-------- SOURCE DATA
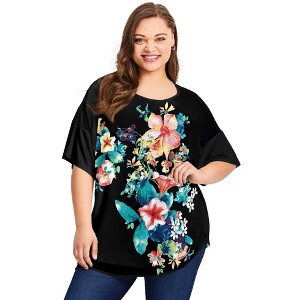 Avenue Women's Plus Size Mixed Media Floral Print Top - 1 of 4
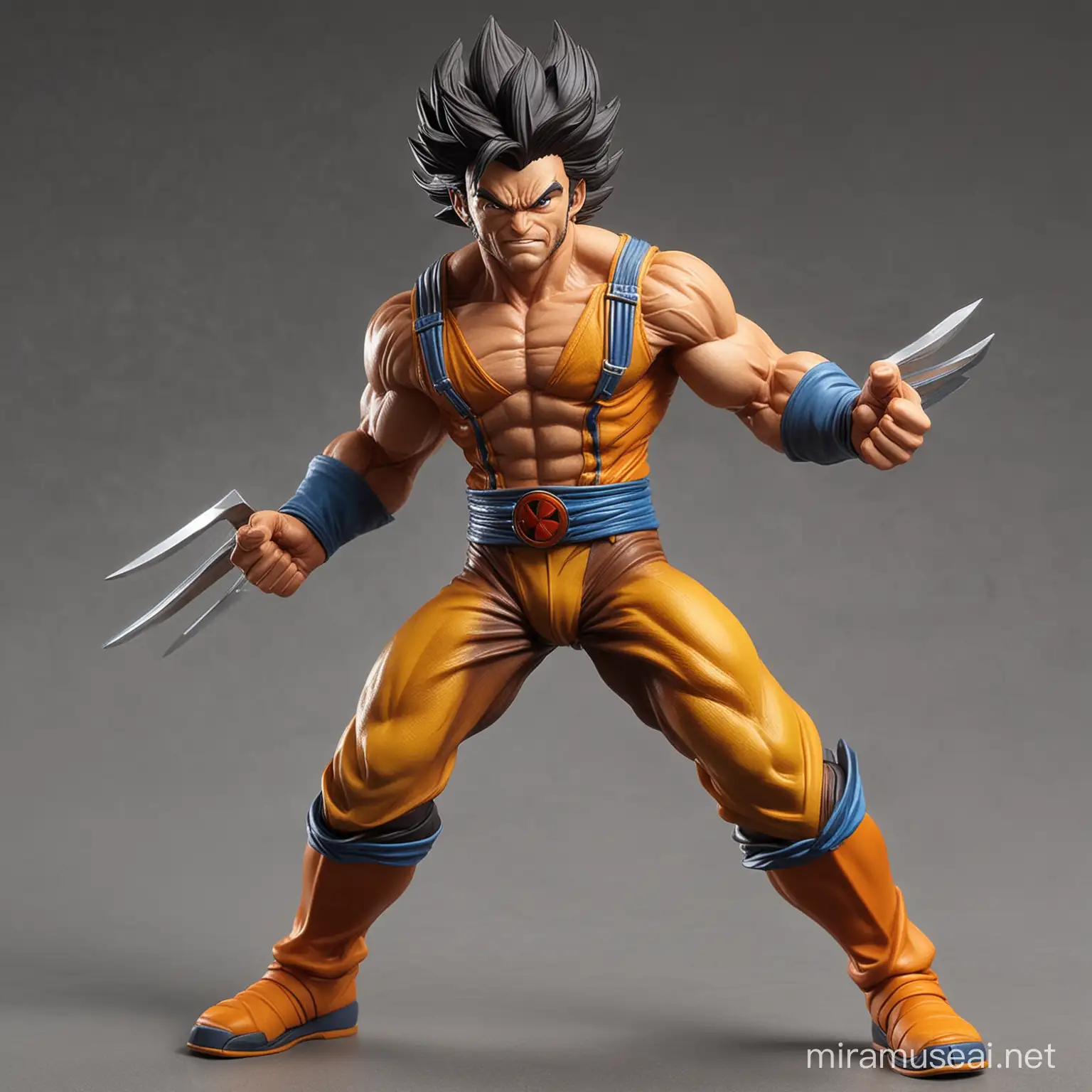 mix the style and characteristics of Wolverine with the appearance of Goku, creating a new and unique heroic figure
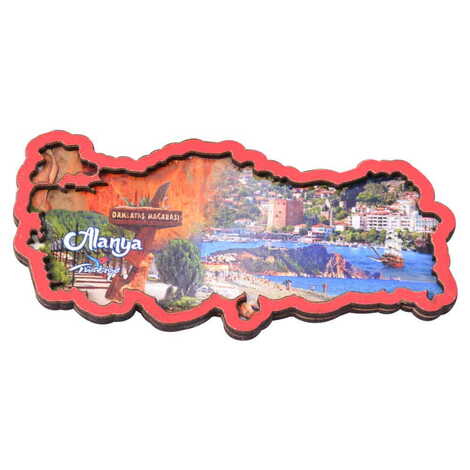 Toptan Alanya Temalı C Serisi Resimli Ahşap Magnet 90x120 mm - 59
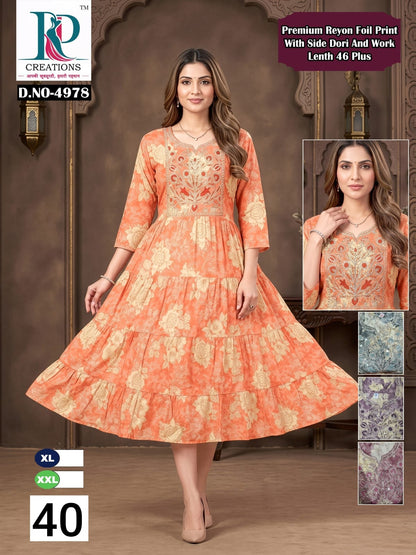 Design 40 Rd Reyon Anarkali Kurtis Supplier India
----------------
-------- SOURCE DATA
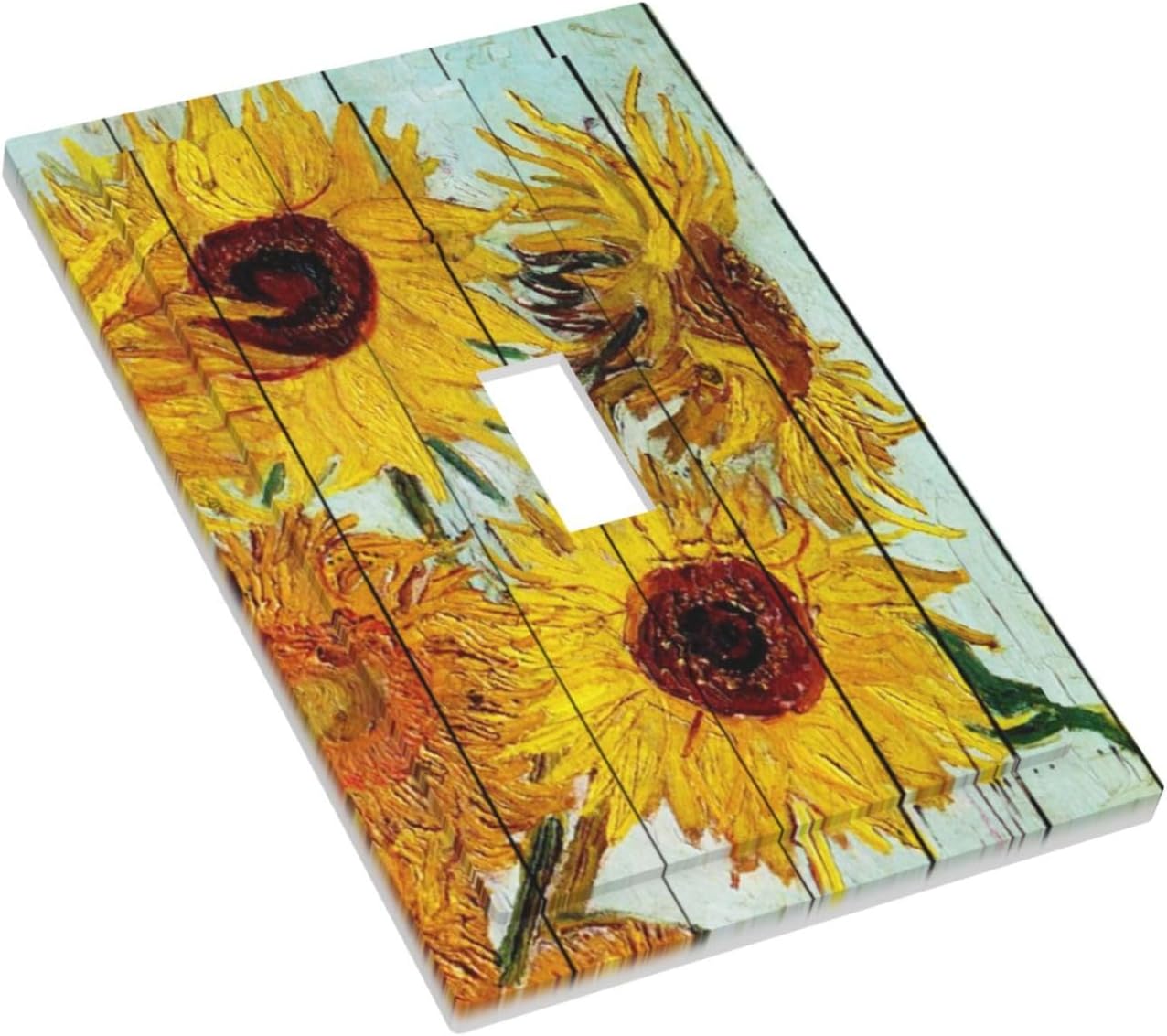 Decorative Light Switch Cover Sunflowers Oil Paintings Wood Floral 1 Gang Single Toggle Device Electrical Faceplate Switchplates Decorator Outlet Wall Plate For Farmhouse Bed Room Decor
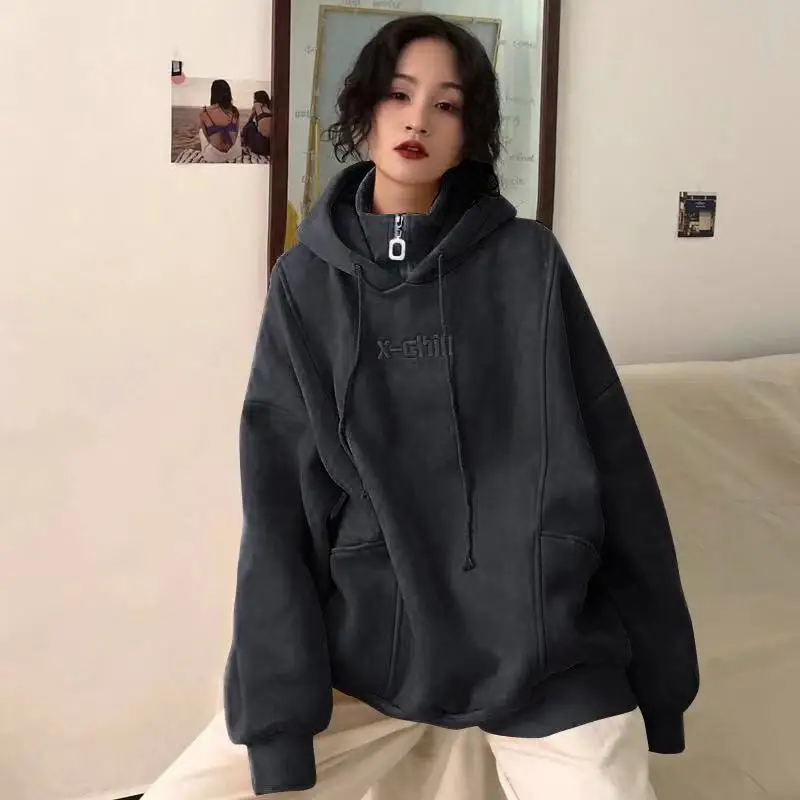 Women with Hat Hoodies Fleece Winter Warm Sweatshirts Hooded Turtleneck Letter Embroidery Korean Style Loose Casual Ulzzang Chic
----------------
◆ PROBLEM ◆
Extract the part of the records that opens with the line containing "Avenue Women's Plus" and closes with the line containing "Design 40 Rd". Take only those lines, exactly, and no pictures.

◆ ANSWER SECTION ◆
 Avenue Women's Plus Size Mixed Media Floral Print Top - 1 of 4
 mix the style and characteristics of Wolverine with the appearance of Goku, creating a new and unique heroic figure
 Toptan Alanya Temalı C Serisi Resimli Ahşap Magnet 90x120 mm - 59
 Design 40 Rd Reyon Anarkali Kurtis Supplier India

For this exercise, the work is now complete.